Automatic Job-specific Energy Optimization within the ClusterCockpit Monitoring Framework

  • Eitzinger, Jan (NHR@FAU)
  • Panzlaff, Michael (NHR@FAU)
  • Kluge, Christoph (NHR@FAU)
  • Ujeniya, Aditya (NHR@FAU)
  • Gruber, Thomas (NHR@FAU)
  • Wellein, Gerhard (NHR@FAU)

Please login to view abstract download link

Energy consumption is a key concern in the design and operation of high-performance computing (HPC) systems. Improving energy efficiency requires coordinated consideration of both application behavior and hardware configuration. This contribution presents an automated, job-specific approach for optimizing the energy efficiency of HPC systems through dynamic adaptation of hardware parameters such as power caps and frequency settings. The proposed solution continuously monitors application performance and node-level energy consumption and applies direct optimization during runtime. The default optimization policy minimizes the energy–delay product to balance energy-to-solution and throughput. The solution is composed of a node metric collector, a node setting agent, and a centralized energy manager.

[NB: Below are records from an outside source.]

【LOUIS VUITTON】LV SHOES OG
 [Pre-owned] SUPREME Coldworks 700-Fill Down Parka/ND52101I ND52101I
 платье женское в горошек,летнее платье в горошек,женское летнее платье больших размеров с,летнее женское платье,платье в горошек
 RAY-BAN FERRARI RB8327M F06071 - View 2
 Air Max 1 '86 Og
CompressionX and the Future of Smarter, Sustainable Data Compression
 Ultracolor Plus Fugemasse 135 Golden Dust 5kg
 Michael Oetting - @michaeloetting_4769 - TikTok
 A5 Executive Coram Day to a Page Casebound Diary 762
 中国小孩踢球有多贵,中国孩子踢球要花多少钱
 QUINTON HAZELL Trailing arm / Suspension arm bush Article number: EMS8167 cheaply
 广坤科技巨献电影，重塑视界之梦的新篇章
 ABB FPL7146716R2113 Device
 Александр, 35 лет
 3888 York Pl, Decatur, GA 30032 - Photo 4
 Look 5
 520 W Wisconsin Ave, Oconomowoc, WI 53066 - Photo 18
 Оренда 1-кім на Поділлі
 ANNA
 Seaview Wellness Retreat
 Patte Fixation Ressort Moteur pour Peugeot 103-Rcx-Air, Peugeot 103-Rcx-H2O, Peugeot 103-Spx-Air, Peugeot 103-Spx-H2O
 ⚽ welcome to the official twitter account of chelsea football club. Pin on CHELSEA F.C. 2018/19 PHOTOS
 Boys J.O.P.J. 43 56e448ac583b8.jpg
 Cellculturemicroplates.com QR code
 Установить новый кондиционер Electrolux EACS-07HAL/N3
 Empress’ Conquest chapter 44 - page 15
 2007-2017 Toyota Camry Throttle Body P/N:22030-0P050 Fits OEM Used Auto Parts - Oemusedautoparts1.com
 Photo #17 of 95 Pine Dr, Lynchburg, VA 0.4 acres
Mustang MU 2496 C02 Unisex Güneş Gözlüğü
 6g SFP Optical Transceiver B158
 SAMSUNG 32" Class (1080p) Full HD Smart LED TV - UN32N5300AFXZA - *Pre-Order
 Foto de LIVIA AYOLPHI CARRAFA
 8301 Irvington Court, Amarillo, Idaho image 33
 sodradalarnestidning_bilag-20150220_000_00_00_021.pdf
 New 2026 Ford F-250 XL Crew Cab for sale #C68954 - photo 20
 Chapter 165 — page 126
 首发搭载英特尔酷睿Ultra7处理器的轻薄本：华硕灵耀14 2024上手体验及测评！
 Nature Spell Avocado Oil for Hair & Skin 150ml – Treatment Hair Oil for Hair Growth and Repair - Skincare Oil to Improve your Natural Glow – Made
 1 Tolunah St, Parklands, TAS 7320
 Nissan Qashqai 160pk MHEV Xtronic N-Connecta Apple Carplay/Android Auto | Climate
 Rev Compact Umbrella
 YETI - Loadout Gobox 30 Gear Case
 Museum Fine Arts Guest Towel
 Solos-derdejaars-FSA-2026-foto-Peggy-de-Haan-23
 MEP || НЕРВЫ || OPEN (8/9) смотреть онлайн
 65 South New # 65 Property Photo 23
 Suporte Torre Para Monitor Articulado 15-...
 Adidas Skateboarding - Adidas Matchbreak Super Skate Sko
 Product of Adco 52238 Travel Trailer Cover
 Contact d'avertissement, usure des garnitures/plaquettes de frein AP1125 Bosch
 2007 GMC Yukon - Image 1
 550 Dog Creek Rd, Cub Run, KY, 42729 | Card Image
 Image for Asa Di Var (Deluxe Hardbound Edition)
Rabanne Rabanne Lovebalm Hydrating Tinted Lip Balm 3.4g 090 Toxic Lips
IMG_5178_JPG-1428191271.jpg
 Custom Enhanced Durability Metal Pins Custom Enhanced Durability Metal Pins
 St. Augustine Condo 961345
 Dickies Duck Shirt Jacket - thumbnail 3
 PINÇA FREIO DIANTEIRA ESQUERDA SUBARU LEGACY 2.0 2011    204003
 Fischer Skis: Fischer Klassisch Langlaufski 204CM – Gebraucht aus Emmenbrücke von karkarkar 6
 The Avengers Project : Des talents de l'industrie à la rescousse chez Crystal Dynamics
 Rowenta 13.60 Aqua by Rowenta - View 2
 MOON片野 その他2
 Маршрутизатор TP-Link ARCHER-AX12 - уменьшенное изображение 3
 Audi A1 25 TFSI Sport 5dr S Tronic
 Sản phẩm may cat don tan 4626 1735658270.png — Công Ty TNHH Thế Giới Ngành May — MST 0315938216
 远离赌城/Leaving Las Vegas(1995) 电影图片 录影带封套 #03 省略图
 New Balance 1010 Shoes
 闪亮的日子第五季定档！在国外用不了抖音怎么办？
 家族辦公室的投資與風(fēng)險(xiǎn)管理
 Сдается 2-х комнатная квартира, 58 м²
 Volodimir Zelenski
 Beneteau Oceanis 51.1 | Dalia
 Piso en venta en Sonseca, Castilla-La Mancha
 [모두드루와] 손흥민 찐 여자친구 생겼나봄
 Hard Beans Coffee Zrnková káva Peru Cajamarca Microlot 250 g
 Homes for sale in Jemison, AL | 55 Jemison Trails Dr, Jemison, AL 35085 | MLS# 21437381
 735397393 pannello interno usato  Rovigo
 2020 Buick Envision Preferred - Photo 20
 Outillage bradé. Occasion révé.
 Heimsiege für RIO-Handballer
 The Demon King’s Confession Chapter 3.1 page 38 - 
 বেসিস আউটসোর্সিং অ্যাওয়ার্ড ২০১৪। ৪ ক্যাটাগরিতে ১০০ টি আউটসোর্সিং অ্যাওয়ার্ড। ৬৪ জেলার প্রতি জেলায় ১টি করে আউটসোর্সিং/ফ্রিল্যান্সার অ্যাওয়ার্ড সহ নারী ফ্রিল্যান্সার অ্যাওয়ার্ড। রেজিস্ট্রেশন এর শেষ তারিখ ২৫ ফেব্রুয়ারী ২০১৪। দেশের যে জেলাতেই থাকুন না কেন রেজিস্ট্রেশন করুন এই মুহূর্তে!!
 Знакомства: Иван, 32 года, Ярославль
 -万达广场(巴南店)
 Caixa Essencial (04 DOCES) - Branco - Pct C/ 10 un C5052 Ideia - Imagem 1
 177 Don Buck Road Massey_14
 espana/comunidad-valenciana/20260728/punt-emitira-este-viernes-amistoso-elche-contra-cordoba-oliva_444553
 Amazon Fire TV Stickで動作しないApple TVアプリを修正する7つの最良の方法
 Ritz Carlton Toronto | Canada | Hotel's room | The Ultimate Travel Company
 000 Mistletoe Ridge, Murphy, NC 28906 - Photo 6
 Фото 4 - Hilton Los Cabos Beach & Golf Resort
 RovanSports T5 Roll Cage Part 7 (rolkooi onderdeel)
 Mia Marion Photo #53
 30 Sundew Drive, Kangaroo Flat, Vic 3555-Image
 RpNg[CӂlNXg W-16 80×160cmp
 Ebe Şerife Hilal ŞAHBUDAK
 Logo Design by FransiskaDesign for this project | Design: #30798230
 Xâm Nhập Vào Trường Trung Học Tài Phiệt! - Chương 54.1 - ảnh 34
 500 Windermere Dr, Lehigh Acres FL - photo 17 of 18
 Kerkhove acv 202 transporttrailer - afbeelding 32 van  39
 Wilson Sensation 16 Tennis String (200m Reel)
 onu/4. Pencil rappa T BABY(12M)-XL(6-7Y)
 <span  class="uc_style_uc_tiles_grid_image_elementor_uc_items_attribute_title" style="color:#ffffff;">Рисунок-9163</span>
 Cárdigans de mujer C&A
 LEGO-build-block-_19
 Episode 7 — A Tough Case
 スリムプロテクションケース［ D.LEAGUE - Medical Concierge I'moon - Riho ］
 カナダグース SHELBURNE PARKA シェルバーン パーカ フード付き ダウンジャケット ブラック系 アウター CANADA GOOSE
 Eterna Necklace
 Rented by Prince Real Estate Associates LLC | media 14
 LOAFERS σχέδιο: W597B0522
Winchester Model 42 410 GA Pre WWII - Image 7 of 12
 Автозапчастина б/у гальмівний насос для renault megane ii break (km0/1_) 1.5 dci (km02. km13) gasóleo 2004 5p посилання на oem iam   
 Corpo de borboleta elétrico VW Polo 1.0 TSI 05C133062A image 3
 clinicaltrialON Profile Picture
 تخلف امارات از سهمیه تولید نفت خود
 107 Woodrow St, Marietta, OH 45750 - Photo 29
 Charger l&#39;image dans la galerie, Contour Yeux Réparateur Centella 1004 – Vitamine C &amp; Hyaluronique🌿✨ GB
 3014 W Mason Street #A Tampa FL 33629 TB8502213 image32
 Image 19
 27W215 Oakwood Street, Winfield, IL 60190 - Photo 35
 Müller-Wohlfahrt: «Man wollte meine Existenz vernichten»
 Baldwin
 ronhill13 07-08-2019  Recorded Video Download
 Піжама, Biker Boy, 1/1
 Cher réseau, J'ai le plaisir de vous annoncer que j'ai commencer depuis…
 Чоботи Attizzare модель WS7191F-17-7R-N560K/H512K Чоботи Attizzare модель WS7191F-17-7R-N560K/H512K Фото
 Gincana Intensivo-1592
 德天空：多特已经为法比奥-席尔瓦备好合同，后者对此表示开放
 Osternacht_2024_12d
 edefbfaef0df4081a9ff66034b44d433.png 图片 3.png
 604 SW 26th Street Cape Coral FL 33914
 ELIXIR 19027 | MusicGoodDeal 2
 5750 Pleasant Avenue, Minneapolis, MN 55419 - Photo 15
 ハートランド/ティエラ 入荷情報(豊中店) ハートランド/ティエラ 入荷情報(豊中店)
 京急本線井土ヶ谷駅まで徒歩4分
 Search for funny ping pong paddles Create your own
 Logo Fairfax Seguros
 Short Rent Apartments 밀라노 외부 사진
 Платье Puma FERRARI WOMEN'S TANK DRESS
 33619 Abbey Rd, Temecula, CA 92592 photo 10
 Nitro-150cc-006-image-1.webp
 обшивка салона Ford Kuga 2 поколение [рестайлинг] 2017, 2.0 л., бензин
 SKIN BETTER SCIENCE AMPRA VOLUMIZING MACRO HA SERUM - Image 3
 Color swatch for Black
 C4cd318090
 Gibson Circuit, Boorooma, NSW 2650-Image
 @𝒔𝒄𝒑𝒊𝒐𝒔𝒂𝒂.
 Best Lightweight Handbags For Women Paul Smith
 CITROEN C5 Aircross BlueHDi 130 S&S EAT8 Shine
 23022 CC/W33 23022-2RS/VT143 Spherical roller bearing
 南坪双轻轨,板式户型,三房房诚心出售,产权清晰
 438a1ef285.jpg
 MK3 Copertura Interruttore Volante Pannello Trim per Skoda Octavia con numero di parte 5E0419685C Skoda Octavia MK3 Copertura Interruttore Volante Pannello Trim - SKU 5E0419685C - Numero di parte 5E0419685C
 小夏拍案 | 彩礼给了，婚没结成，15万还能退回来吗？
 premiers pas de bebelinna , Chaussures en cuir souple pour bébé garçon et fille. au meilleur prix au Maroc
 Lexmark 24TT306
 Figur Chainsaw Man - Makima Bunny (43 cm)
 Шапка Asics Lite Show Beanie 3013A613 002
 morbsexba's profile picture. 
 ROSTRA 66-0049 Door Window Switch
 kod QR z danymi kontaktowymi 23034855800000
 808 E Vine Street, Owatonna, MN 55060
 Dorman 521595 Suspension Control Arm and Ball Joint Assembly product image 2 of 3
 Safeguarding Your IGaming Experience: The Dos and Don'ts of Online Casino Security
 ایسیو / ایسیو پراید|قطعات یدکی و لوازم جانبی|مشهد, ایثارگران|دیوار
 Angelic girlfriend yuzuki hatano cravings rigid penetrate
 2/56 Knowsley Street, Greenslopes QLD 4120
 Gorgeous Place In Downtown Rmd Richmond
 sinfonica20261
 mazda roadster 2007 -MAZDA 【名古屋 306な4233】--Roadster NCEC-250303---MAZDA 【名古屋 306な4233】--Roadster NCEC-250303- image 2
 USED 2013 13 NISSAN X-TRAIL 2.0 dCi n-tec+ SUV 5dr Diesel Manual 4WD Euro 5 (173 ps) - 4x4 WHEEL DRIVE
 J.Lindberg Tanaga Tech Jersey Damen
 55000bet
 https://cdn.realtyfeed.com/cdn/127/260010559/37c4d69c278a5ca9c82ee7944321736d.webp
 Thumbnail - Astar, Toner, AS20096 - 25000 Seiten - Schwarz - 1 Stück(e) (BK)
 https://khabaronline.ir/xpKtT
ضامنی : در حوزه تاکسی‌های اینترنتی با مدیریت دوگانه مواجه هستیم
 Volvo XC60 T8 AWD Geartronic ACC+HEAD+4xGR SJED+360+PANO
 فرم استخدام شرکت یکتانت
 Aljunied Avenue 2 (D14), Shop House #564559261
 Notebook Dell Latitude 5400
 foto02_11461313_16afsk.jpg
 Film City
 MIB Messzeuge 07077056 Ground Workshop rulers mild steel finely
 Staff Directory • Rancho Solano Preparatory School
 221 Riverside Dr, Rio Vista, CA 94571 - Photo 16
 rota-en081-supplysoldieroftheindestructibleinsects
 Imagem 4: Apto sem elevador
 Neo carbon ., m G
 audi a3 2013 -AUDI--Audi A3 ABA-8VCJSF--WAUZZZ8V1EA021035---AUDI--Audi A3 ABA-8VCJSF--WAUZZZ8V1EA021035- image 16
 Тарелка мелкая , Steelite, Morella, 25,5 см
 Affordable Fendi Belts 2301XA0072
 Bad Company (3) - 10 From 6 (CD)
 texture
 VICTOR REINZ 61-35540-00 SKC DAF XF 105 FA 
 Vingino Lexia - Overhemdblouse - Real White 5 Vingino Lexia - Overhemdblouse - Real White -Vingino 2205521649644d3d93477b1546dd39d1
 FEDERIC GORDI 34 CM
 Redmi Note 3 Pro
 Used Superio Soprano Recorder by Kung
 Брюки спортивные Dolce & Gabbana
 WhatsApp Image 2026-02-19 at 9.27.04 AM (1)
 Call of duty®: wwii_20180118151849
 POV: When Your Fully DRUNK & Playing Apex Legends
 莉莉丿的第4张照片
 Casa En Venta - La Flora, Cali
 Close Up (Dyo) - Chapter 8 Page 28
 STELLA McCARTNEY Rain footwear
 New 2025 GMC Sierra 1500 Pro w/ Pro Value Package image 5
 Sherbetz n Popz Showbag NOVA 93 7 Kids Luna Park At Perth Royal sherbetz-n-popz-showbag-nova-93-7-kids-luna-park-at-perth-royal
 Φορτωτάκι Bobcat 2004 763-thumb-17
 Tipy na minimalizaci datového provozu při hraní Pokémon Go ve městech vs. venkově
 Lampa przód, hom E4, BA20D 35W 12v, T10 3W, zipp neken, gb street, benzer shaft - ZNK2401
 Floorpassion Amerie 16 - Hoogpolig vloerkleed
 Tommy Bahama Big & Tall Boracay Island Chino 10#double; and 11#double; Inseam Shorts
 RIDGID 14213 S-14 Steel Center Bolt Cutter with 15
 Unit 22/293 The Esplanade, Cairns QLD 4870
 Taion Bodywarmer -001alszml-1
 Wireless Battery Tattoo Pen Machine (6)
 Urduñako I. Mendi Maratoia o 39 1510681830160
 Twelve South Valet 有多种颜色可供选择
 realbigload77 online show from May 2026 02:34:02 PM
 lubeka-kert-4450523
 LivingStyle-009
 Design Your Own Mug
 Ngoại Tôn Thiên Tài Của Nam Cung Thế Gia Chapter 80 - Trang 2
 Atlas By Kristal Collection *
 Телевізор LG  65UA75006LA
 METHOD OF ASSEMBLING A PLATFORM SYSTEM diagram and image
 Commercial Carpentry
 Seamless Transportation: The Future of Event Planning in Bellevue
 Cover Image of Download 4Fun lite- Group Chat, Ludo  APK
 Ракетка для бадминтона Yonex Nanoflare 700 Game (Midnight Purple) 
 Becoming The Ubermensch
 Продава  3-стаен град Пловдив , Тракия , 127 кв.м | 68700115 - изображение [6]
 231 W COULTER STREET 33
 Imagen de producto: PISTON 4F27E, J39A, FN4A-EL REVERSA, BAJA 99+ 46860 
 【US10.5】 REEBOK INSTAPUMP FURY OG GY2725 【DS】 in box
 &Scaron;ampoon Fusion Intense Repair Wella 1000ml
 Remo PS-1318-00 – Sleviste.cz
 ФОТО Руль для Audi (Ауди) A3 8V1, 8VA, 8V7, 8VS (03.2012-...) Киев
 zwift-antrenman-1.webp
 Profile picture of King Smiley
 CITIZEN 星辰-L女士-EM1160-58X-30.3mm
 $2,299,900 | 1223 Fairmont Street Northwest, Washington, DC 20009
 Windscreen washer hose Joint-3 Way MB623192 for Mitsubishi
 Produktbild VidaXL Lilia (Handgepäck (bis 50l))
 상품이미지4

This solution was implemented as part of the BMBF EE-HPC project [1] and is inspired by the PowerSched framework initially contributed in [2]. It is integrated in the job-specific monitoring framework ClusterCockpit [3]. We evaluate the approach using multiple benchmarks on multicore and GPU-accelerated systems, demonstrating its potential for significant energy savings with minimal performance impact.